[[ Dataset excerpt, beginning ]]
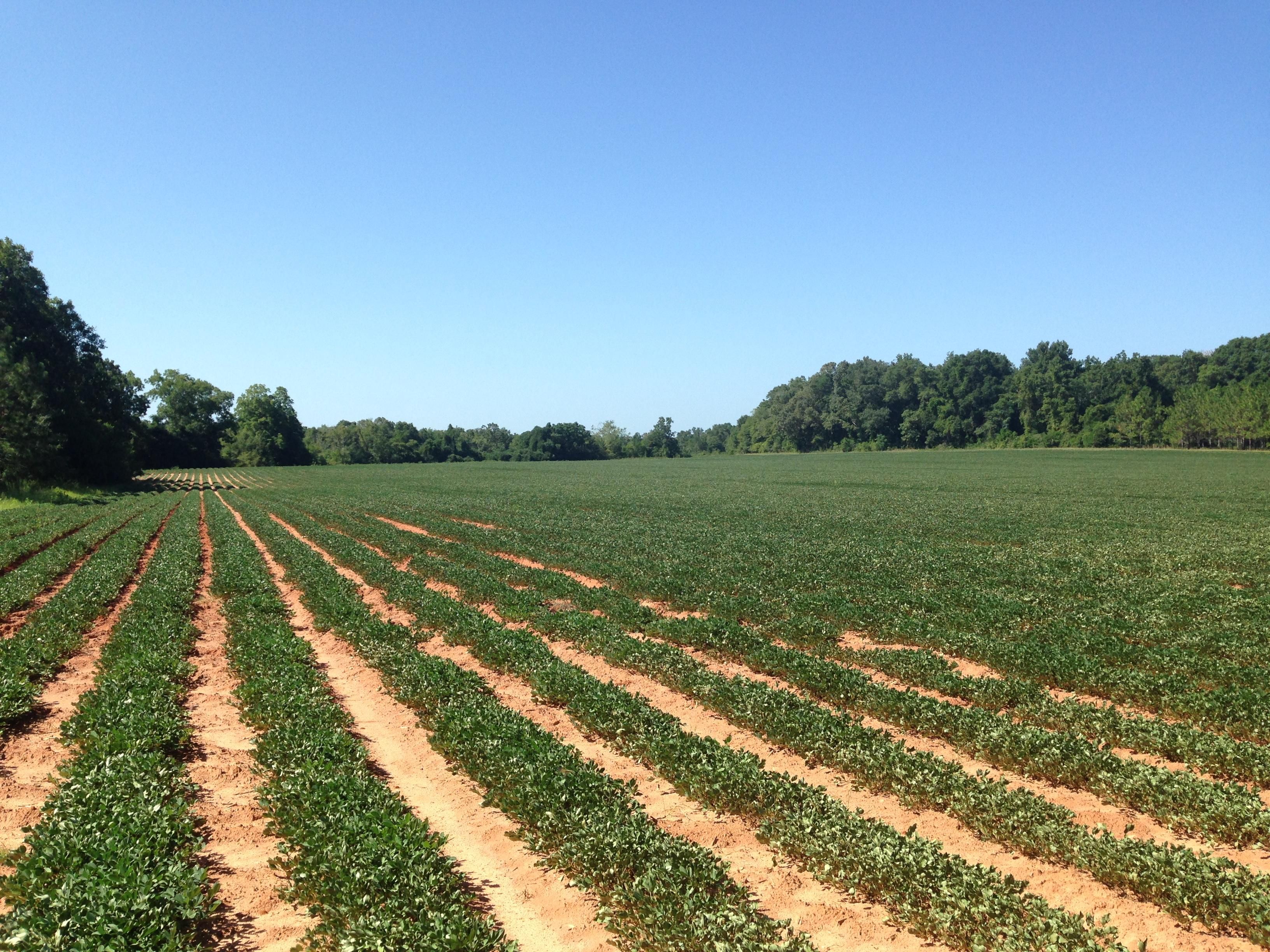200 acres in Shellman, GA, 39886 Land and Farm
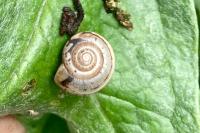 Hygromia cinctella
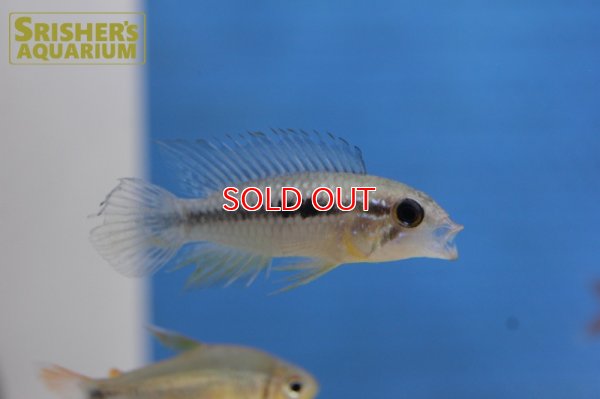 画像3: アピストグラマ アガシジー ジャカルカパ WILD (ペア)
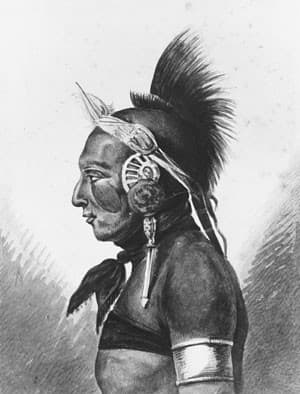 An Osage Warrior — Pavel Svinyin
[[ Dataset excerpt, end ]]
• Assigned task: The aim is an exact repeat of the entire listing, stripped of pictures.

• Reply to the task:
200 acres in Shellman, GA, 39886 Land and Farm
 Hygromia cinctella
 画像3: アピストグラマ アガシジー ジャカルカパ WILD (ペア)
 An Osage Warrior — Pavel Svinyin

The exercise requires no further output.